When it comes to traditional load balancers, you can either splurge on expensive hardware or go the software route. Hardware load balancers typically have poor/outdated API designs and are, at least in my experience, slow. You can find a few software load balancing products with decent APIs, but trying to use free alternatives like HAproxy leaves you with bolt on software that generates the configuration file for you. Even then, if you need high throughput you have to rely on vertical scaling of your load balancer or round-robin DNS to distribute traffic horizontally.

We were trying to figure out how to avoid buying a half million dollars worth of load balancers every time we needed a new data center. What if you didn’t want to use a regular layer 4/7 load balancer and, instead, relied exclusively on layer 3? This seems entirely possible, especially after reading about how CloudFlare uses Anycast to solve this problem. There are a few ways to accomplish this. You can go full blown BGP and run that all the way down to your top of rack switches, but that’s a commitment and likely requires a handful of full time network engineers on your team. Running a BGP daemon on your servers is the easiest way to mix “Anycast for load balancing” into your network. You have multiple options to do this:

• BIRD internet routing daemon
• Quagga Routing Software Suite
• ExaBGP

After my own research, I decided that ExaBGP is the easiest way to manipulate routes. The entire application is written in Python, making it perfect for hacking. ExaBGP has a decent API, and even supports JSON for parts of it. The API works by reading STDOUT from your process and sending your process information through STDIN. In the end, I’m looking for automated control over my network, rather than more configuration management.

At this point, I can create a basic “healthcheck” process that might look like:

#!/usr/bin/env bash
STATE="down"

while true; do
  curl localhost:4000/healthcheck.html 2>/dev/null | grep OK

  if [[ $? == 0 ]]; then
    if [[ "$STATE" != "up" ]]; then
      echo "announce 10.1.1.2/32 next-hop self"
      STATE="up"
    fi
  else
    if [[ "$STATE" != "down" ]]; then
      echo "withdraw 10.1.1.2/32 next-hop self"
      STATE="down"
    fi
  fi

  sleep 2
done

Then in your ExaBGP configuration file, you would add something like this:

group anycast-test {
  router-id 10.1.10.11;
  local-as 65001;
  peer-as 65002;

  process watch-application {
    run /usr/local/bin/healthcheck.sh
  }

  neighbor 10.1.10.1 {
    local-address 10.1.10.11;
  }
}

Now, anytime your curl | grep check is passing, your BGP neighbor (10.1.10.1) will have a route to your service IP (10.1.1.2). When it begins to fail, the route will be withdrawn from the neighbor. If you now deploy this on a handful of servers, your upstream BGP neighbor will have multiple routes. At this point, you have to configure your router to properly spread traffic between the multiple paths with equal cost. In JUNOS, this would look like:

set policy-options policy-statement load-balancing-policy then load-balance per-packet
set routing-options forwarding-table export load-balancing-policy
commit

Even though the above says load-balance per-packet, it is actually more of a load-balance per-flow since each TCP session will stick to one route rather than individual packets going to different backend servers. As far as I can tell, the reasoning for this stems from legacy chipsets that did not support a per-flow packet distribution. You can read more about this configuration on Juniper’s website..

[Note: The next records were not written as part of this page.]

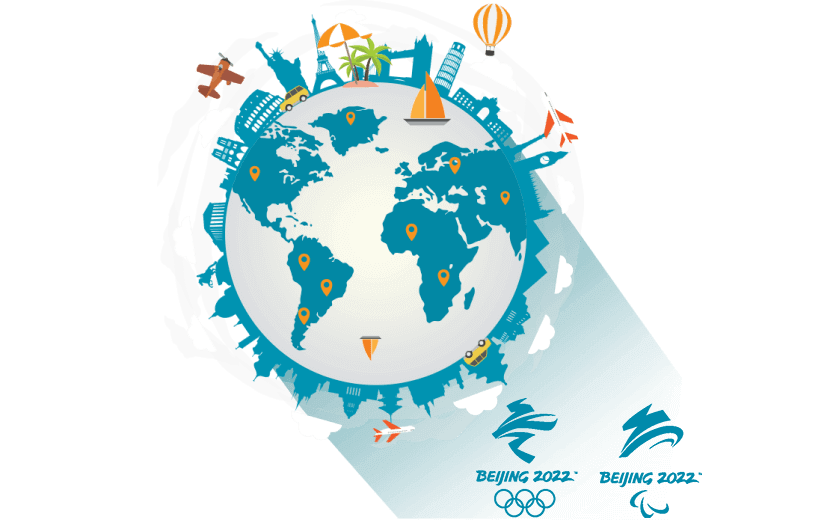 在多米尼加连接到中国的软件 - 小猴翻翻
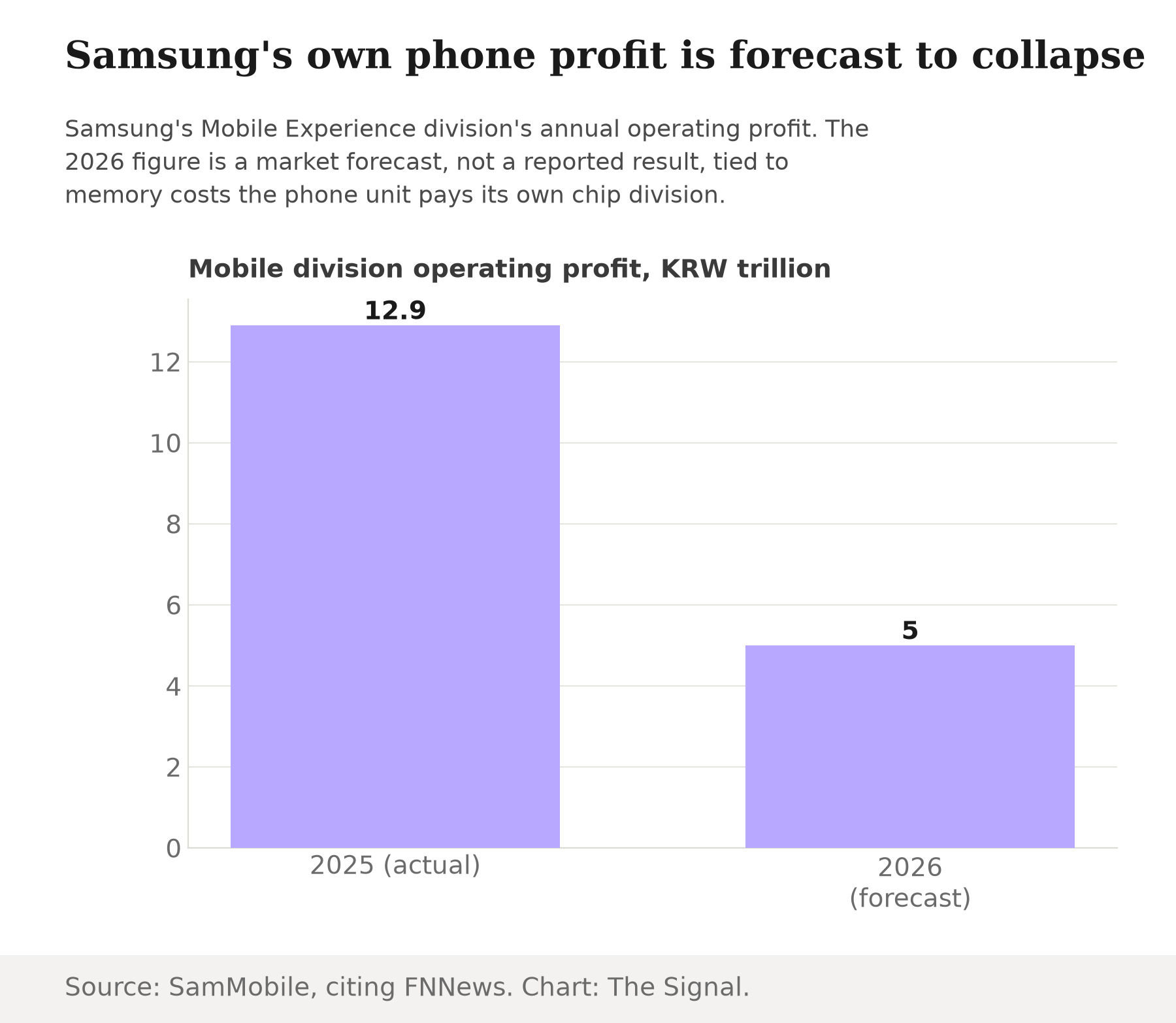 Bar chart comparing Samsung's Mobile Experience division operating profit: 12.9 trillion won in 2025 versus a forecast of 5 trillion won in 2026.
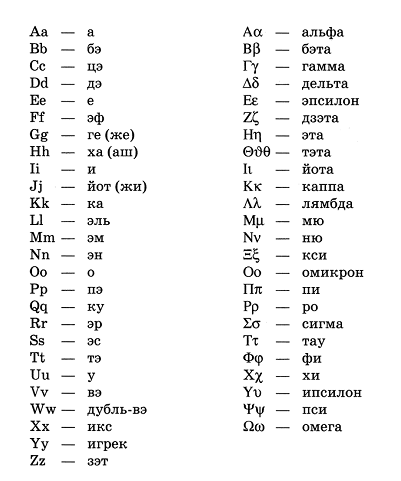 Тема 1: Повторение школьного курса - student2.ru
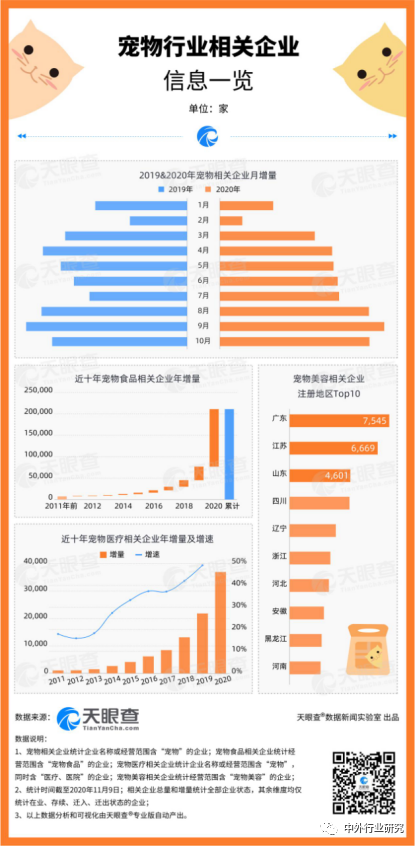 对标美国宠物食品，国产品牌如何弯道超车？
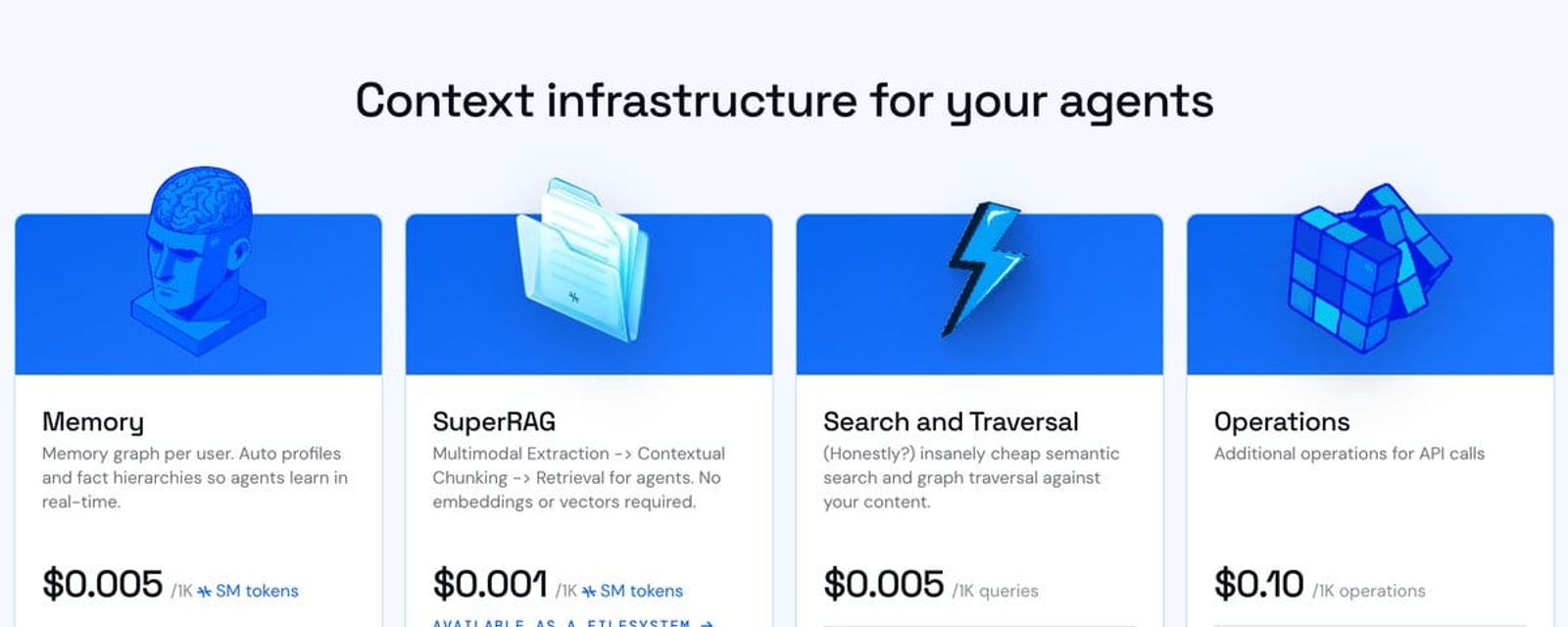 Banner titled "Context infrastructure for your agents" with four cards: Memory, SuperRAG, Search and Traversal, Operations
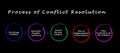 Process of Conflict Resolution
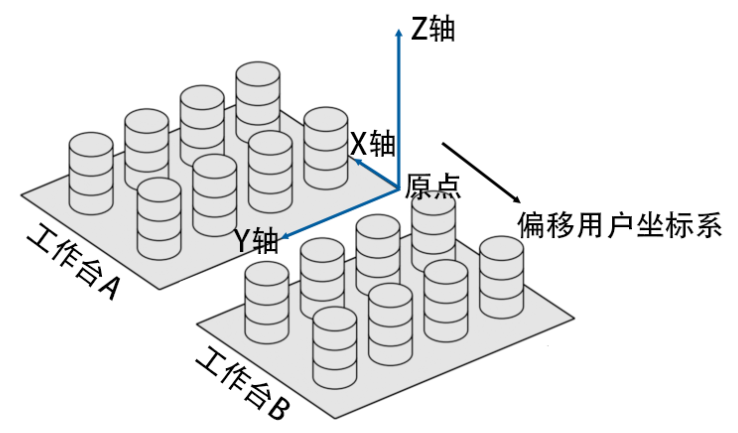 偏移坐标系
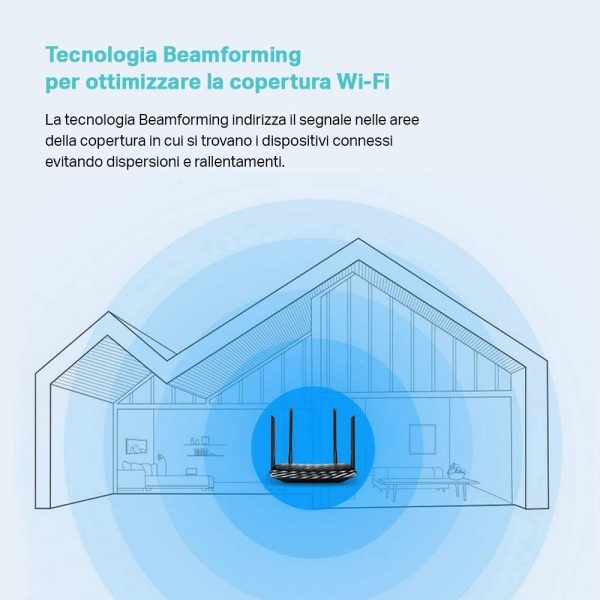 Archer C6 Gigabit Router Wi-Fi Dual Band AC1200 Wireless, 5 Porte Gigabit, 4 Antenne Esterne e 1 Antenna Interna, 2.4GHz/5GHz, Modalit?? Access Point, MU-MIMO, Rete Ospite, Nero - immagine 7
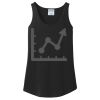 Ladies Core Cotton Tank Top Thumbnail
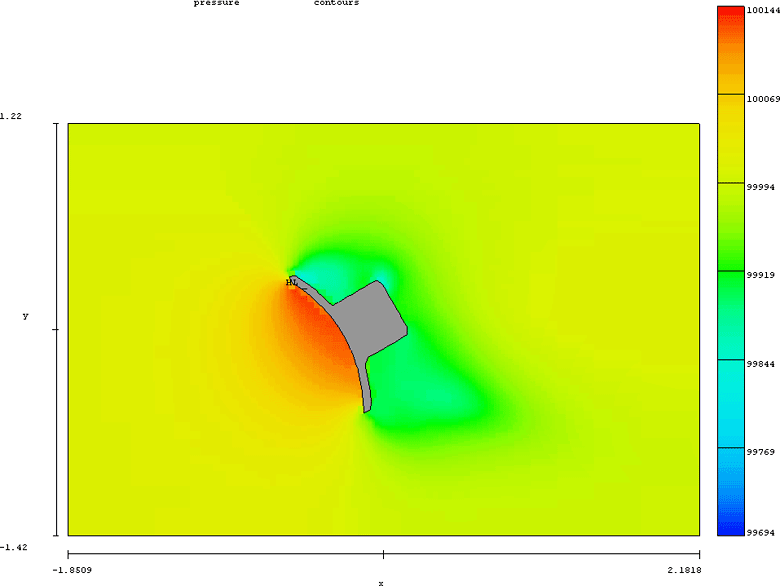 Рисунок 3б. Результаты CFD моделирования: давление ветра на антенну в направлении 30°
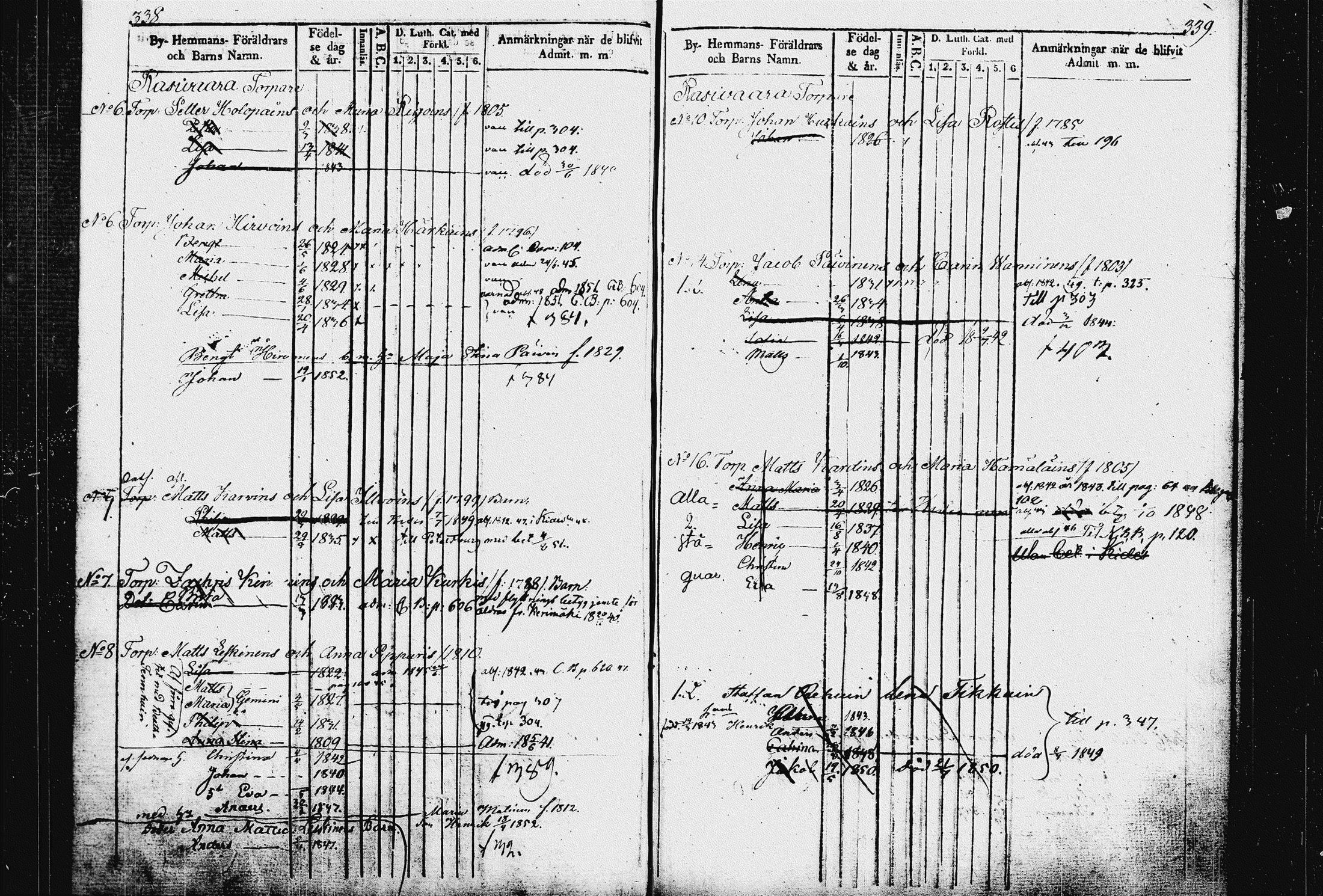 [ ../kirjat/Kirkonkirjat/raakkyla/lastenkirja_1840-1852_tk2181/kuvat/176.jpg ]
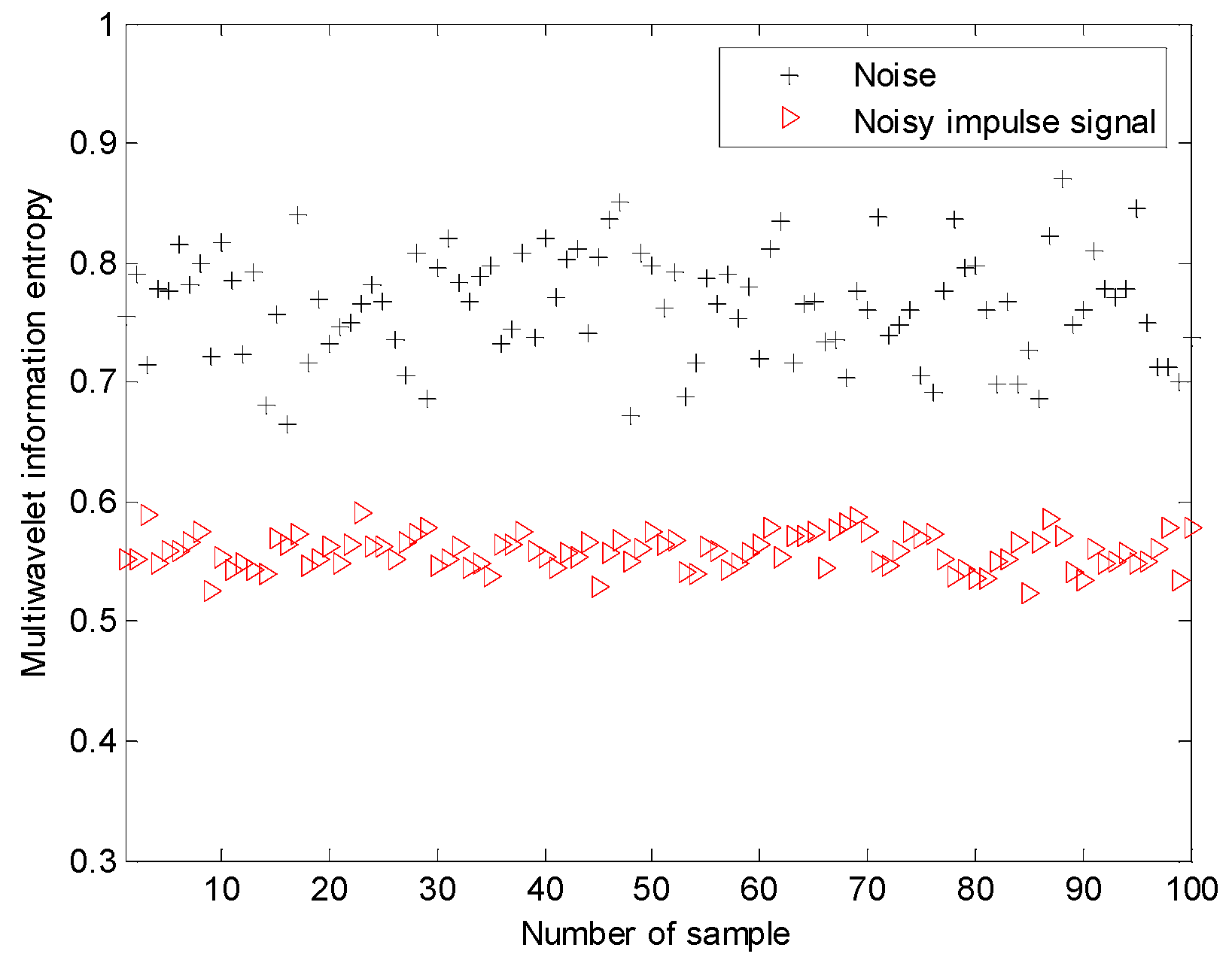 Sensors 15 26997 g023 1024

There are some scale limitations though. It comes down to what your hardware router can handle for ECMP. I know a Juniper MX240 can handle 16 next-hops, and have heard rumors that a software update will bump this to 64, but again this is something to keep in mind. A tiered approach may be appropriate if you need a high number of backend machines. This would include a layer of route servers running BIRD/Quagga and then your backend services peer to this using ExaBGP. You could even use this approach to scale HAproxy horizontally.

In conclusion, replacing a traditional load balancer with layer 3 routing is entirely possible. In fact, it can even give you more control of where traffic is flowing in your datacenter if done right. I look forward to rolling this out with more backend services over the coming months and learning what problems may arise. The possibilities are endless, and I’d love to hear more about what others are doing.